Idealists, path makers, or fortune tellers?

Well, to some extent we are all of the above and that’s why Design continues to play a critical role in innovation, growth, and the resulting success of many thriving companies. Looking to the future is our design superpower! Along with an acute sense of empathy, our ability to project, to cast out towards a potential future state is what makes us uniquely equipped to support the challenges of modern businesses.

Inherently we dream big, but our challenge is often one of translating those dreams into reality. How do we convert these loose concepts on a distant horizon into something real, something actionable? How do we work with our peers and partners to remain resolute in the pursuit of vision whilst being pragmatic enough to embrace flexibility in execution?

But these are not design challenges per se, they are leadership challenges. Peers in Product and Engineering will likely share the same concern when attempting to establish a longitudinal vision and maintain alignment, whilst being open to the details and specifics emerging through Agile development.

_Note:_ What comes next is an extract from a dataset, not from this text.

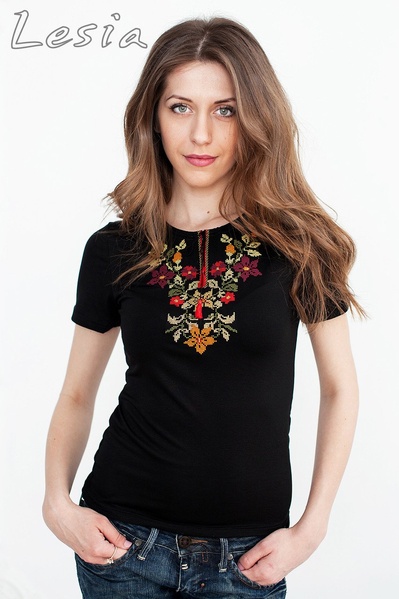 Жіноча футболка з вишивкою Золота осінь, Черный, S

Our plans are dynamic, responsive and iterative but a plan nonetheless.

My final and closing point is don’t be ashamed to push ahead. Make it your mission as a designer to do so. If you don’t have North Star, a vision for where the product is heading, grab your nearest Product Manager and get to work. Your job is to be a path maker, to help steer the ship, to break free from what we’ve always done and chart a course to better, more innovative experiences.

Where Agile is optimised for here, now and how, Design is about the who and what of the future. The two mindsets, when applied well, should create a flywheel for innovation.

Remember, a plan without execution is a dream and execution without a plan is mere recreation.